Right behind Slate, were The New Republic and Mother Jones, while other news outlets such as The Associated Press and The New York Times continue to utilize the name.
Even Wilson High School in D.C. has been in discussion of whether or not to prohibit Redskins clothing from being worn on school grounds, according to ABC 7 News.
So what is the origin of this 80-year-old team title? Ives Goddard, a Smithsonian historian, explained to NPR that the term “Redskin” first arouse in 1769 in negotiations between the Piankashaws and Col. John Wilkins.
It was in 1823 when the term became more popular amongst Caucasians, where it is mentioned in a book titled, “The Pioneers.” The author, James Fenimore Cooper states, in relation to a dying Native American character, “There will soon be no red-skin in the country,” according to NPR.
Although similar literature to that of “The Pioneers” depicted a sympathetic outlook toward Native Americans, 1890 marked the term’s transition into its derogatory connotation. According to NPR, author L. Frank Baum, “The Wizard of Oz” celebrated in his December piece that same year, the death of Sitting Bull and the massacre at Wounded Knee.
His pieces focused on “the extermination of all remaining Native Americans,” using the term “redskin” in a derogatory nature, according to NPR. This publication was only the commencement.
Poet Earl Emmons released a book titled, “Redskin Rimes” in 1915, its material filled with heavy racism and offensive language, according to NPR. Emmons does not sympathize with the Native American protagonist within his works, calling him the “maroon brother.”
Continued into the 1920s, the term was promoted in popular culture, with the releasing of the hit 1929 film, “Redskin.” The film is based around the trials and tribulations of a Navajo Indian, who must constantly deal with harassment due to his race, according to NPR.
After the term had hit the big screen, it was now time for its birth into the world of sports’ team paraphernalia.
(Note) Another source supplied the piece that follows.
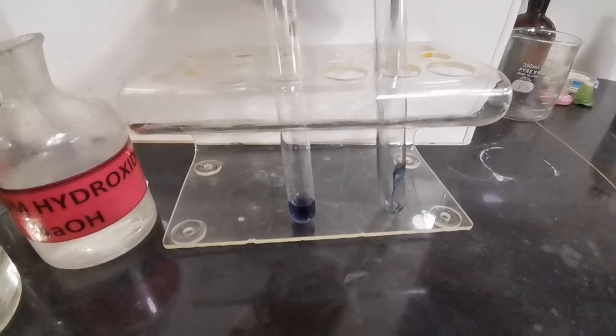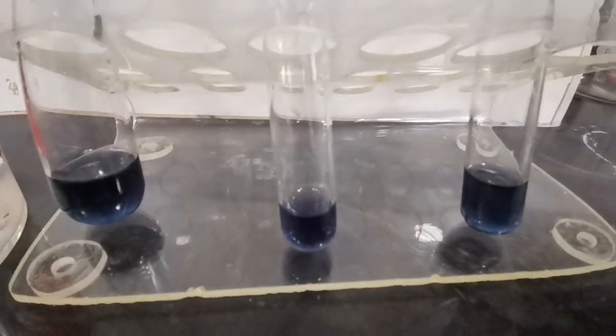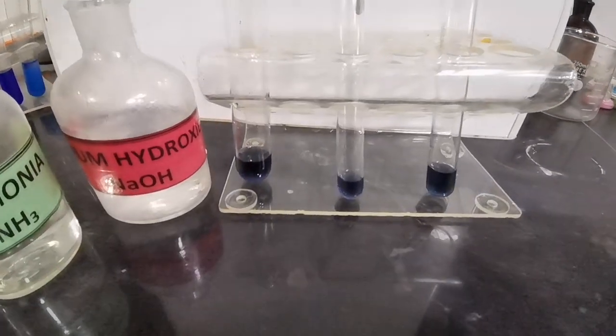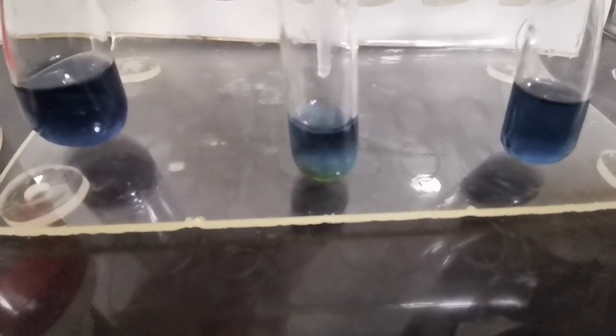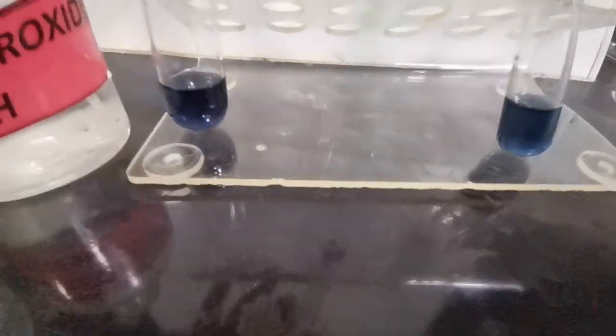We will start off the test by adding aqueous sodium hydroxide dropwise to our solution. Here we are adding a few drops of sodium hydroxide, and this results in the formation of a precipitate. This is sort of a gray-green color.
According to NPR, in 1933, Boston Braves owner George Preston Marshall decided to change the franchise’s name from the Braves to today’s Redskins.
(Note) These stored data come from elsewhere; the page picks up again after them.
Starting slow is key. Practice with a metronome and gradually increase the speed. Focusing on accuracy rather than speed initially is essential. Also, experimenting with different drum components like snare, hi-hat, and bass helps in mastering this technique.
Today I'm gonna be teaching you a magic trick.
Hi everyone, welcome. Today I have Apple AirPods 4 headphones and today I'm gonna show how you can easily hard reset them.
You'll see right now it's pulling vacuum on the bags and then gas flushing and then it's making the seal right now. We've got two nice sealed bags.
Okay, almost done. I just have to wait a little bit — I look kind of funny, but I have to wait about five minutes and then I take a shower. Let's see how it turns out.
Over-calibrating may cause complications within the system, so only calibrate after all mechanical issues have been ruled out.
According to team lore, William “Lone Star” Dietz, a former coach of the team, spurred the inspiration for the name, where he identified himself as a Native American. Dietz’s Native American heritage is still debatable to this day, where the parents that raised him were white, according to Indian Country Today.
Dietz’s father was German, with the identity of his birth mother unknown, spurring obfuscation and controversy concerning his true ancestry.
This brings us to the Redskins we know and hail today, its team name containing racial history but has been supported by devout fans for decades. In the midst of all the fans, there is Rember Compres, a University of Maryland freshman international affairs major.
Compres feels that if he had a say in the matter, the name should go.
“If it’s derogatory to a people, change the name,” Compres said. “Times change, as do norms. Things that at one time were fine then, simply are not now.”
Christine Nwosu, a senior family science major and Skins fan, feels quite the opposite.
“It has been a part of D.C. for years. There’s tradition there. It’s not like they came up with the name yesterday,” Nwosu said.
Ravens fan Jenny Skrenta, a sophomore public health major, agrees. “I feel like Daniel Snyder has the right to make the decision,” Skrenta said.
“Fans have connected with their team and changing their name would have a huge impact on their fans.”
Suzan Shown Harjo, a Native American activist, voiced her opinion on the name in a telephoned interview with NPR.
“It’s a toy of racism, and the people who are holding on [to the name] for dear life, they know that,” Harjo said.